- [GOAL OF THE EXERCISE]: Within the records below is a range that opens at the line with "Discover the best" and closes at the line with "Derrys Sofia double mirrored bed frame 6". Return that range word for word, both ends included, and only that range.

::::

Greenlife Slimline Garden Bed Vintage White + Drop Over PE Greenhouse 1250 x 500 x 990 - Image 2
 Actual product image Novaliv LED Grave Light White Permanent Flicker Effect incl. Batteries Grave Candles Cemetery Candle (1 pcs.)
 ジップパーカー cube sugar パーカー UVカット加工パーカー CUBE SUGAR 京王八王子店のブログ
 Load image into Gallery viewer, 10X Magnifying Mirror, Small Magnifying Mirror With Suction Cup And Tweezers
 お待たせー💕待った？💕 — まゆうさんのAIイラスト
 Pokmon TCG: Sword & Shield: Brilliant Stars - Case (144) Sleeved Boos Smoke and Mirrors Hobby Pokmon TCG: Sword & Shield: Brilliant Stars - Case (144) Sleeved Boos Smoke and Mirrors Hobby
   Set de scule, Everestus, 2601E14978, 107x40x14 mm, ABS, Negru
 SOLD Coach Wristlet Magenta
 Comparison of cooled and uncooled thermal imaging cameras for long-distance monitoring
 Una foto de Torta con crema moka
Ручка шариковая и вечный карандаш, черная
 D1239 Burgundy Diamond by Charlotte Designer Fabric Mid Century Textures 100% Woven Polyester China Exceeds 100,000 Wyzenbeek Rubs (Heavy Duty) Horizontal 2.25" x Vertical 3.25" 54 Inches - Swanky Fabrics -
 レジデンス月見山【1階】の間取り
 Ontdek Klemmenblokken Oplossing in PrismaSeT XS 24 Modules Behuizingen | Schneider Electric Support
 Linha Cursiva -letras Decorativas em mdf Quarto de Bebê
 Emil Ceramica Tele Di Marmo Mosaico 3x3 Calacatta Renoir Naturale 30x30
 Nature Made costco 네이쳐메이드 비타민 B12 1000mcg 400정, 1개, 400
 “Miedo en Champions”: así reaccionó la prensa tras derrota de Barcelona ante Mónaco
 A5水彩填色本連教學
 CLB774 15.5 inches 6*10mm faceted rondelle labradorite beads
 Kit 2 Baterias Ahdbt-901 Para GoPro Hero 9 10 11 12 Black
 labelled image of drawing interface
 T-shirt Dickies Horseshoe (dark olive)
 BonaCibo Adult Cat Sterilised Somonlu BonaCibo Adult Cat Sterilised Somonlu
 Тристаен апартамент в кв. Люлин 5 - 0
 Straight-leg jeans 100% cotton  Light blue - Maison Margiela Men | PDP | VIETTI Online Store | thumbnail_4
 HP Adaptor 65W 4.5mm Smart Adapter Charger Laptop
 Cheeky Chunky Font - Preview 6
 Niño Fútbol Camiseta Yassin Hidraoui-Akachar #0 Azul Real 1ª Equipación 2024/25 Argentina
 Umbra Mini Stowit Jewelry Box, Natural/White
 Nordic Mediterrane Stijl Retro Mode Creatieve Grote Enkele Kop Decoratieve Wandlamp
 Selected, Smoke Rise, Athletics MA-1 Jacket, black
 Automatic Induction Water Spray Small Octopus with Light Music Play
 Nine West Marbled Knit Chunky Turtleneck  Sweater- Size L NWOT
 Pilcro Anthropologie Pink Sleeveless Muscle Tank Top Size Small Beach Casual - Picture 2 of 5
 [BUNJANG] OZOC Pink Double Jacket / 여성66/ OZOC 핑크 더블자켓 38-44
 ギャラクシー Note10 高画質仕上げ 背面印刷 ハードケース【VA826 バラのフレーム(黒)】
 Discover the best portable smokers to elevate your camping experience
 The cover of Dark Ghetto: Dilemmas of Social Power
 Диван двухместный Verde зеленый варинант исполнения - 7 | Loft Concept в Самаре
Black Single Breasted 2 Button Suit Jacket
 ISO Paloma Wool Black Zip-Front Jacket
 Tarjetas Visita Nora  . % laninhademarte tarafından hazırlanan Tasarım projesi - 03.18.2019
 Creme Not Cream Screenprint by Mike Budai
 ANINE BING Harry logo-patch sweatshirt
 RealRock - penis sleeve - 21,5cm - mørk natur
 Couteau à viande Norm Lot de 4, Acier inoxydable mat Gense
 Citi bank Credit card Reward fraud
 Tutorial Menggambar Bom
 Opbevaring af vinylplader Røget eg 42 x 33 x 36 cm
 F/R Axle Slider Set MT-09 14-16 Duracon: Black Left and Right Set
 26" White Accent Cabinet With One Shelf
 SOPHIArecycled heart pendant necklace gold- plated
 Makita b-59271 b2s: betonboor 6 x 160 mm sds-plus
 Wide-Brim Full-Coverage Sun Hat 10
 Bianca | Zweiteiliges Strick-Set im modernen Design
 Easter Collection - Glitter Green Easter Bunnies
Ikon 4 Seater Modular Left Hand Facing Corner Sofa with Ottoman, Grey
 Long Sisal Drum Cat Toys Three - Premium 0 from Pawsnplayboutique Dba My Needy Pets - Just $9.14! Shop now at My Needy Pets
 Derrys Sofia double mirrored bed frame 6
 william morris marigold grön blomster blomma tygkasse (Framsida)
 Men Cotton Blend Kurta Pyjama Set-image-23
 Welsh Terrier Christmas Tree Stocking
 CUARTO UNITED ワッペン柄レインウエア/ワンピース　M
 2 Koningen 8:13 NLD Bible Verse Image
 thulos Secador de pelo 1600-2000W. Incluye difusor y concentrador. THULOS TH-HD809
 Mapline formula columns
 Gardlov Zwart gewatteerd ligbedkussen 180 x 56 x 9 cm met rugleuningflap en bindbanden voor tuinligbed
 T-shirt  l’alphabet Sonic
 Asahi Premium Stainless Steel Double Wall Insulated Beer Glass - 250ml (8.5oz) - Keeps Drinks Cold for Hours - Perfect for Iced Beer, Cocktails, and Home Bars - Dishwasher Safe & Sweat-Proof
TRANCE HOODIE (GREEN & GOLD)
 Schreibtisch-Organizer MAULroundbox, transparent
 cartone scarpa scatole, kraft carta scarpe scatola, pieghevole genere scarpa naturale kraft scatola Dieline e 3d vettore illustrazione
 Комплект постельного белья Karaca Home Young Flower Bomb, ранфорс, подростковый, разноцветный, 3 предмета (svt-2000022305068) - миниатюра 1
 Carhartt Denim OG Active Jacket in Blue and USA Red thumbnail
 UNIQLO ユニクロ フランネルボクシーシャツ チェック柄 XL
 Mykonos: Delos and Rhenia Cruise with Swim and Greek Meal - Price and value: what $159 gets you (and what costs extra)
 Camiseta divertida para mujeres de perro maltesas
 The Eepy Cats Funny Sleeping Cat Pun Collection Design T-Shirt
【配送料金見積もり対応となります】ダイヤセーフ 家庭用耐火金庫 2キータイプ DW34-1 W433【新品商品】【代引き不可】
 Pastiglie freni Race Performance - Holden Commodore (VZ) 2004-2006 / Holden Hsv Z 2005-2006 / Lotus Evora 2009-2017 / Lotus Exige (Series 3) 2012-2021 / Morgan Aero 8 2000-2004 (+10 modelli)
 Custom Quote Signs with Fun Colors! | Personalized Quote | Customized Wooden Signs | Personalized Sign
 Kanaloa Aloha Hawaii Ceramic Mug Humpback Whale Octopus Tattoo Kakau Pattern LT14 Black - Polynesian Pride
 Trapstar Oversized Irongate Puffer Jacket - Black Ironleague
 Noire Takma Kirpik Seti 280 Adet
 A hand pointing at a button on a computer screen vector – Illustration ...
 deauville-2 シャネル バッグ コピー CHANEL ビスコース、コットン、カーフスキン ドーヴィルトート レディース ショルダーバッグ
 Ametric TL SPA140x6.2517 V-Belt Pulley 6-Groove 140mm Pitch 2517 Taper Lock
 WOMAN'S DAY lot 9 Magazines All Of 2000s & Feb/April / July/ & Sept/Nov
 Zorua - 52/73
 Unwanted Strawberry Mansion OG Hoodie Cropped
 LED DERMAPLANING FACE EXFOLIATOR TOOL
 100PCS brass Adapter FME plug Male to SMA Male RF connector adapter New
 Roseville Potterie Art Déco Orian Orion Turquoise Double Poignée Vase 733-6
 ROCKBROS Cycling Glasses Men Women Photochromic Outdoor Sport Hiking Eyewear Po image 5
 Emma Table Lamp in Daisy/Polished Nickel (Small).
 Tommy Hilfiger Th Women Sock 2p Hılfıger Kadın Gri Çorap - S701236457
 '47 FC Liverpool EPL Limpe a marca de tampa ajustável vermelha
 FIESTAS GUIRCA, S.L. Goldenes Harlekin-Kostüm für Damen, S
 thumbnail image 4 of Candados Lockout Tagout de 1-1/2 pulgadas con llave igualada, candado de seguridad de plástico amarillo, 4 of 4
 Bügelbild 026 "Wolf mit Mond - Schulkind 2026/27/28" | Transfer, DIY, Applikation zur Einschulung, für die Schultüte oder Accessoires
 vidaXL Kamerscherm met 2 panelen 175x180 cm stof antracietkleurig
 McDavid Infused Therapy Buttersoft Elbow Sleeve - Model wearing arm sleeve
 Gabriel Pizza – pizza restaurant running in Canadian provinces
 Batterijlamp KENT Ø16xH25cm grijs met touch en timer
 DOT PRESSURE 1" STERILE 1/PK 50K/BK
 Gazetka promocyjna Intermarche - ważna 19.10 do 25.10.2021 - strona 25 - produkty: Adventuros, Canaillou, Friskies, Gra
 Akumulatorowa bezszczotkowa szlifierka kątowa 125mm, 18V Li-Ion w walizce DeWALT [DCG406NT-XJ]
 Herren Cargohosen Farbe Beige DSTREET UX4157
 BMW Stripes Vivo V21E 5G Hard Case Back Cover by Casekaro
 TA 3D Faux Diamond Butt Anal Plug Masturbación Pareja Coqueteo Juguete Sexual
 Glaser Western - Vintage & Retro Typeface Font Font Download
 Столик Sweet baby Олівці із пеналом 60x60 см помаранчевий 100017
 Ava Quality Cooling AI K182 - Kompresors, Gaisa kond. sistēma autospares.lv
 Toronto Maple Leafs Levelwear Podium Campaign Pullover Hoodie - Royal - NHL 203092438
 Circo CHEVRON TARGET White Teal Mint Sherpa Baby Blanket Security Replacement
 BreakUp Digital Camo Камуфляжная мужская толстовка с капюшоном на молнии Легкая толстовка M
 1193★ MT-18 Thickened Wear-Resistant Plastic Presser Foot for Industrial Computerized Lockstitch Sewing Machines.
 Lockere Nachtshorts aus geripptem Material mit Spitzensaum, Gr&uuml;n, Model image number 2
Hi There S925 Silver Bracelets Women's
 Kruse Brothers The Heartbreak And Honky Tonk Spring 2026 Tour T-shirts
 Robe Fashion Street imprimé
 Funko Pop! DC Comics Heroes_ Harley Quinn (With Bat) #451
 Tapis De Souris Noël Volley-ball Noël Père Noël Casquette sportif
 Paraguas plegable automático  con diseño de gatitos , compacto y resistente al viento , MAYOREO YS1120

::::

- [RESULT OF THIS TASK]:
 Discover the best portable smokers to elevate your camping experience
 The cover of Dark Ghetto: Dilemmas of Social Power
 Диван двухместный Verde зеленый варинант исполнения - 7 | Loft Concept в Самаре
Black Single Breasted 2 Button Suit Jacket
 ISO Paloma Wool Black Zip-Front Jacket
 Tarjetas Visita Nora  . % laninhademarte tarafından hazırlanan Tasarım projesi - 03.18.2019
 Creme Not Cream Screenprint by Mike Budai
 ANINE BING Harry logo-patch sweatshirt
 RealRock - penis sleeve - 21,5cm - mørk natur
 Couteau à viande Norm Lot de 4, Acier inoxydable mat Gense
 Citi bank Credit card Reward fraud
 Tutorial Menggambar Bom
 Opbevaring af vinylplader Røget eg 42 x 33 x 36 cm
 F/R Axle Slider Set MT-09 14-16 Duracon: Black Left and Right Set
 26" White Accent Cabinet With One Shelf
 SOPHIArecycled heart pendant necklace gold- plated
 Makita b-59271 b2s: betonboor 6 x 160 mm sds-plus
 Wide-Brim Full-Coverage Sun Hat 10
 Bianca | Zweiteiliges Strick-Set im modernen Design
 Easter Collection - Glitter Green Easter Bunnies
Ikon 4 Seater Modular Left Hand Facing Corner Sofa with Ottoman, Grey
 Long Sisal Drum Cat Toys Three - Premium 0 from Pawsnplayboutique Dba My Needy Pets - Just $9.14! Shop now at My Needy Pets
 Derrys Sofia double mirrored bed frame 6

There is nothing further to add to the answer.